The grant is funded by la Ligue Nationale Contre le Cancer
In recent years, the detection of heterogeneity in epidemiology has attracted increasing interest. One of the main reasons comes from the fact that taking into account heterogeneity in data analysis makes it possible to gain statistical power. In addition, the detection of gene-environment interactions is of major interest in epidemiology because it makes it possible to identify subgroups with high risks in the population. Although several methods have already been proposed for this problem the detection of gene-environment effects remains difficult, in particular because the causal effect is generally not directly observed (as for some treatments for example) and only proxi variables (such as BMI for example) are accessible.

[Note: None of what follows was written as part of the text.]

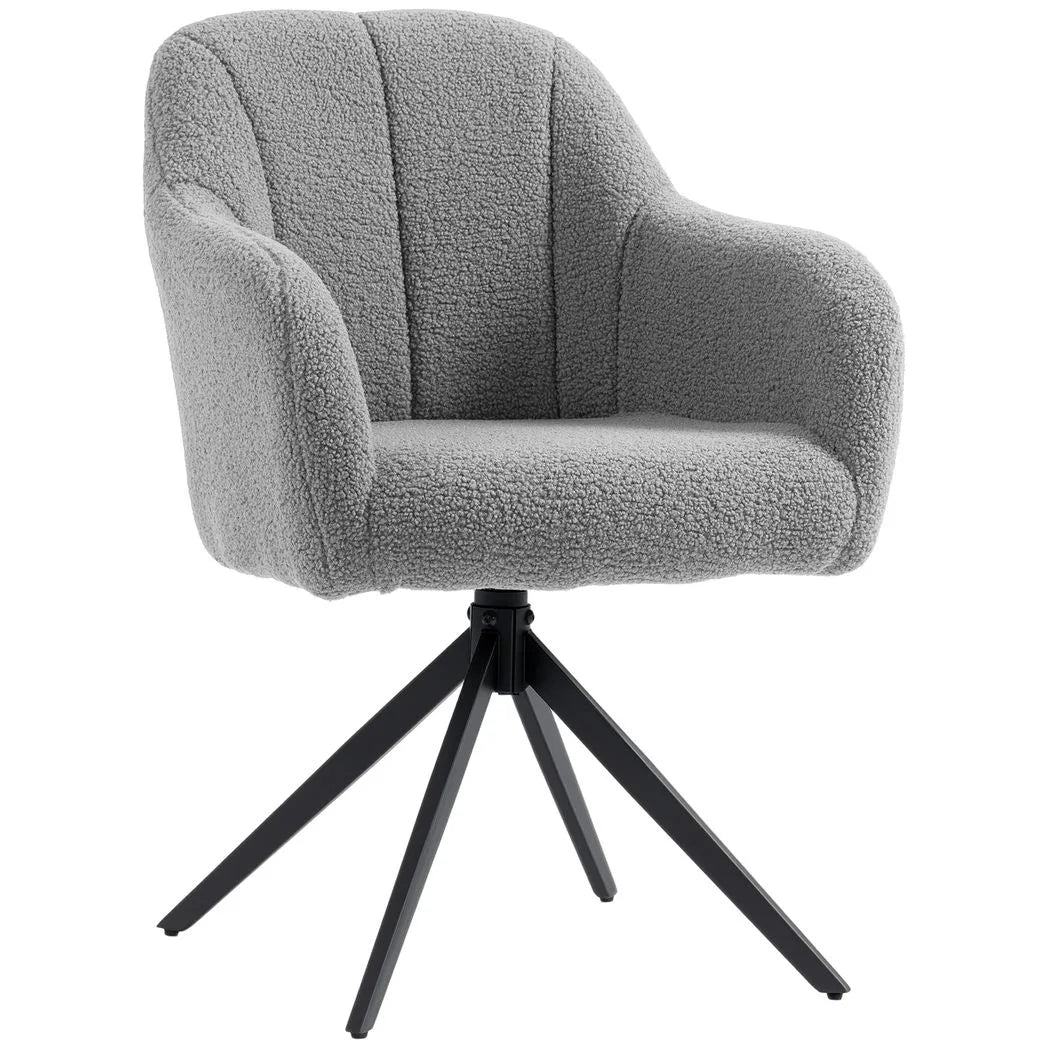 HOMCOM 360° Swivel Accent Chair with Teddy Fleece and Channel Tufting – Curved Armchair, Grey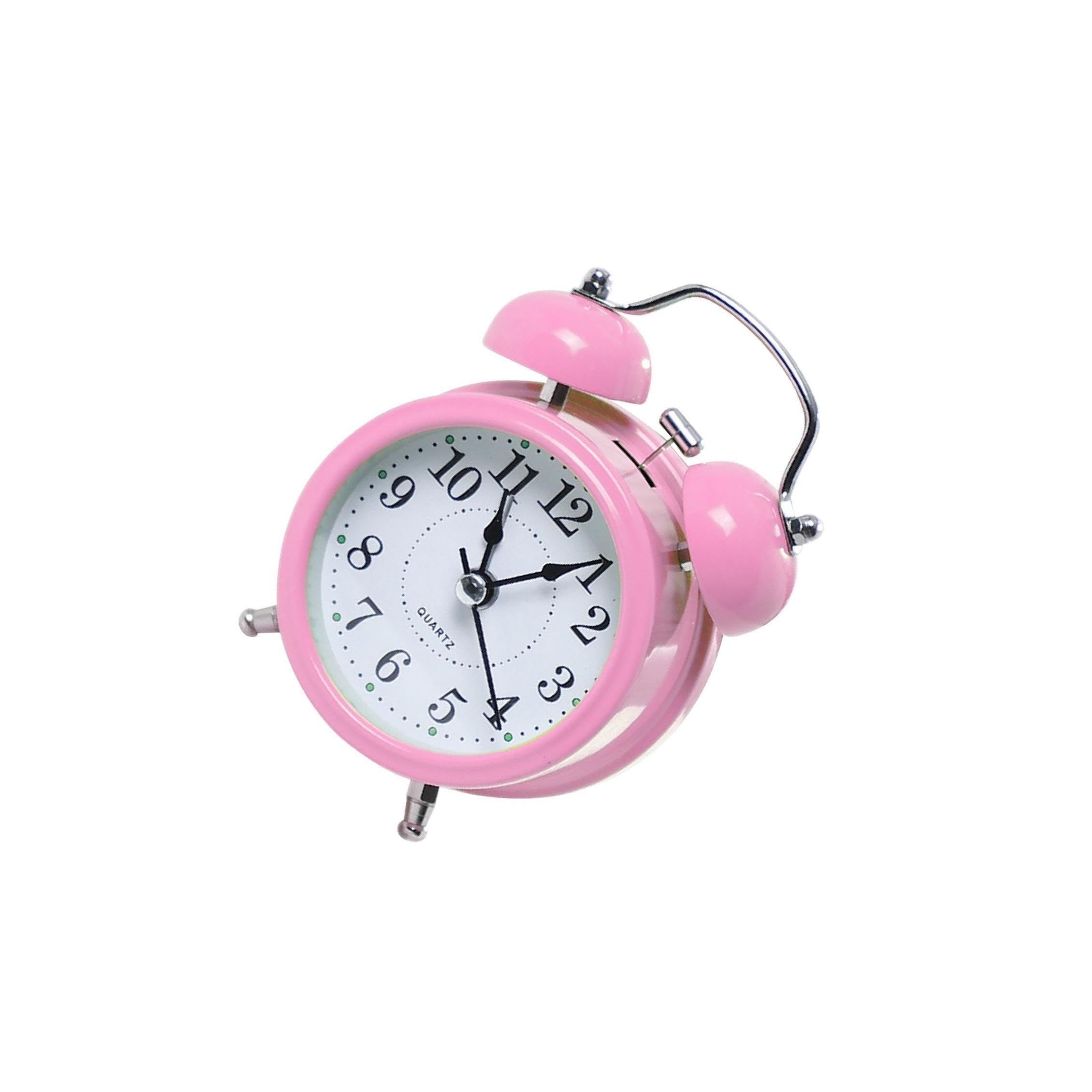 TWISAXC Mechanical Dial Alarm Clock Loudest Analog Loud Alarm No Noise Backlight For Teenagers Ensuring Longevity And Reliability. Clock Loud Analog Old Fashioned, Pink, 8.2x5.6x11.8cm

The aim for this project is to develop a new statistical method for detecting gene-environment effects associated with the occurrence of cancer. The proposed approach will detect groups of individuals characterized by their environmental factors with different cancer risks.
The method works as follows: each patient is positioned in a proximity space using multiple covariates (personal, clinical, environmental, etc.). The approach then seeks to exploit the fact that two neighboring patients in this proximity space are more likely to be exposed to latent (and therefore not necessarily observed) common factors. Then a Principal Component Analysis (PCA) is applied to the proximity space and a smoothing curve, called "principal curve", is applied to it. This makes it possible to project each individual on this curve and to obtain an order on the individuals. Thus, close individuals on this curve will share similar exposure profiles. An example of a principal curve construction on the three main components of a dataset is shown in the figure above.
The grant (140k euros) is funded by the French National League Against Cancer (LNCC).